Do you remember when you signed up as a Facebook or Instagram user? Admittedly, I have a vague memory of getting my Facebook account and no recollection at all of actually creating my Instagram or Twitter accounts. Even if you do remember your glorious entry into the realm of social media, you probably don’t remember reading the Terms of Service Agreement. I mean, did you read it? Honestly, I probably did not. Of course, as I began working in the world of social media and it became prudent for me to do so, I have since read them and, well, they are pretty straight forward. In both the Facebook and Instagram agreements, it clearly states that while the platform does not sell your data to advertisers, they do use your data for ads from these advertisers, who pay them to run said ads.

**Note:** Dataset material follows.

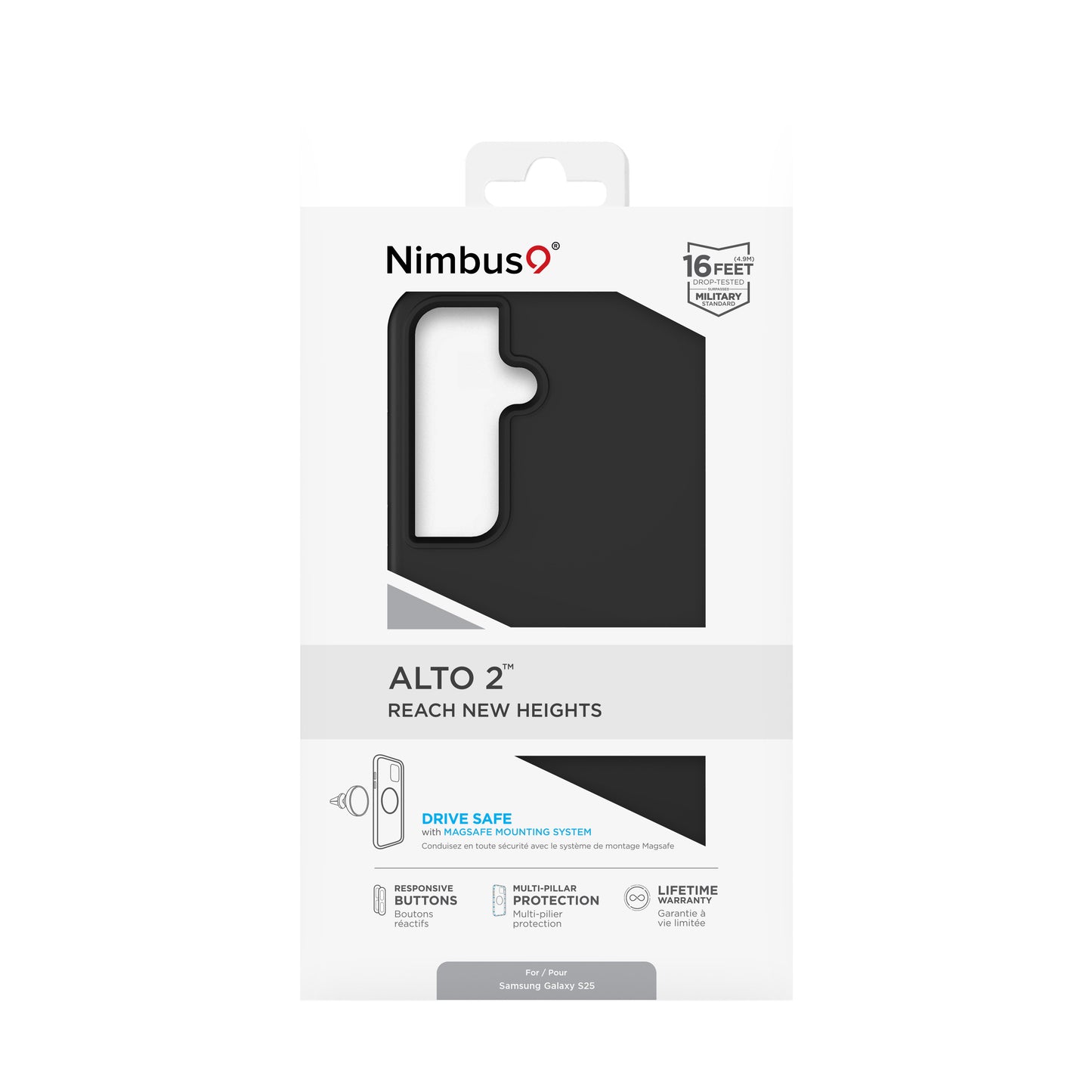 Nimbus9 Alto 2 Galaxy S25 Case - Black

If you spend any time at all on social media, you get this. In fact, you may even appreciate how the ads you tend to receive actually are for things you might enjoy. Keep in mind, though, that the data being used by advertisers is not just from what you post on Facebook or Instagram, but from everywhere you are on the internet. Have you ever used a search engine to find something and then, BOOM, there it is on your Facebook feed? Yeah, that’s not magic, it’s data.
So why am I talking about this? In order for you to be a conscious consumer, and prosumer*, of social media, you need a basic understanding of what social media platforms are designed to do. While they will tell you that they are all about creating opportunities for friendships, community-building, and gathering around the campfire so to speak, that is really only part of their purpose. Yes, they want you to enjoy their platform, so your experience there is important, but not because they care about you as a person. They want you to enjoy being on the platform so that you will stay on it longer and, therefore, see more ads! Oh, and so the algorithm can gather more data.

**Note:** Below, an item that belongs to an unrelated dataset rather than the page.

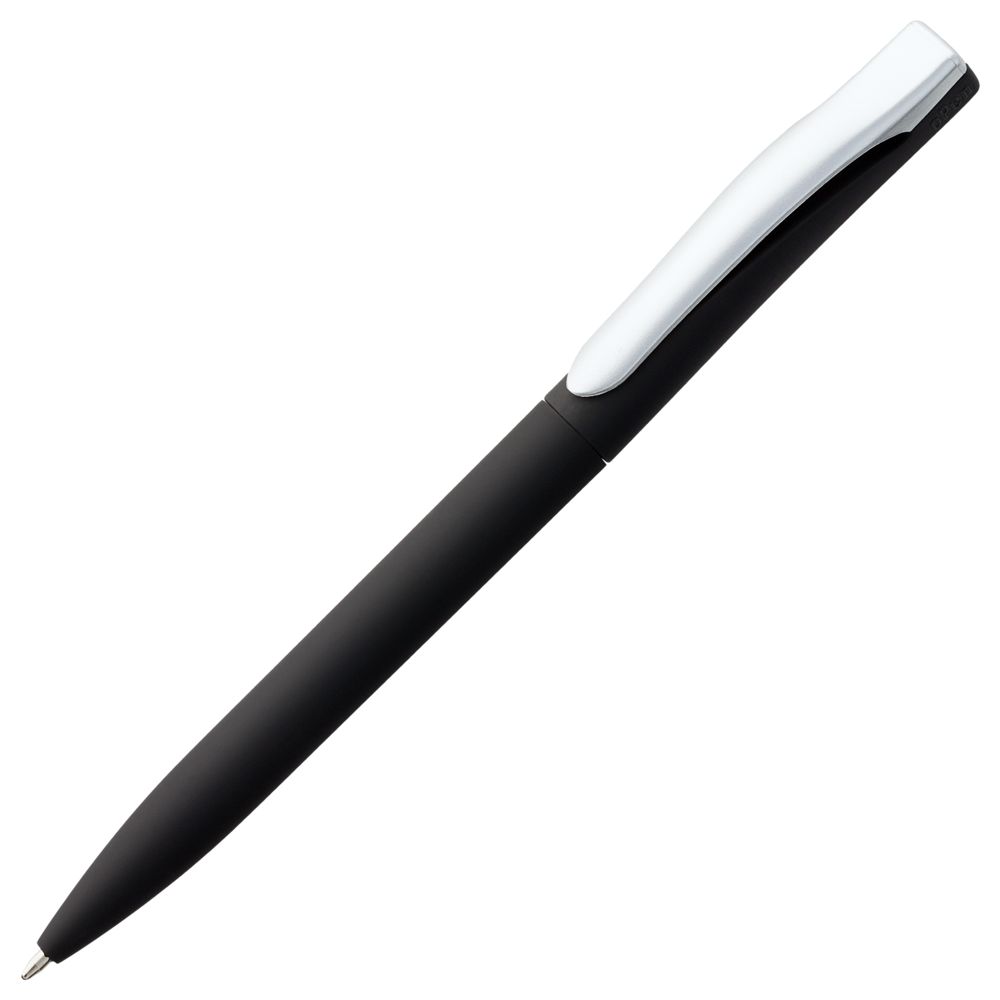 Ручка шариковая Pin Soft Touch, черная Ручка шариковая Pin Soft Touch, черная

Another reason I mention this is to dispel a couple of myths that I often see promulgated on Facebook particularly. I am sure you’ve seen them too. First, typically once or twice a year there will be a post shared that says something to the effect, “I do not give Facebook permission to use my data…” yadayadayada. Welp, guess what, you already did (see above paragraphs.) Sharing a post on your wall does not change the terms of service.
Another post that makes the rounds from time to time is the “Facebook will only show you 25 friends” one. The idea is that if a person wants to be one of the 25 friends that Facebook allows you to see they need to comment on your post. Now, think about what Facebook’s goals are: 1) to keep you on the platform as long as possible, and 2) generate revenue through advertisers running ads. Why would they LIMIT the number of profiles you see to a specific number? While there are parts of the algorithm that prioritize what you see, it is not based on a specific number. It is based on how you are interacting with what you see. In general, any time you see a post that says something like these two posts, and especially if the post says, “copy this post and paste it in your status,” just don’t.
Yes, social media can be a wonderful thing. It allows us to keep in touch, connect with people all over the world, promote our own businesses, and even learn new things. But remember what you signed up for. All of this connection is free, to you, but someone is paying. Businesses, entrepreneurs, and other advertisers are paying to use the data that Facebook, Instagram, and other platforms are collecting so they can target ads effectively. That’s not necessarily a bad thing, but it can be. (More on that in another post.) The more you know and understand social media and how it works, the better experience you can create for yourself and those who follow you.
*prosumer: a person who consumes and produces media.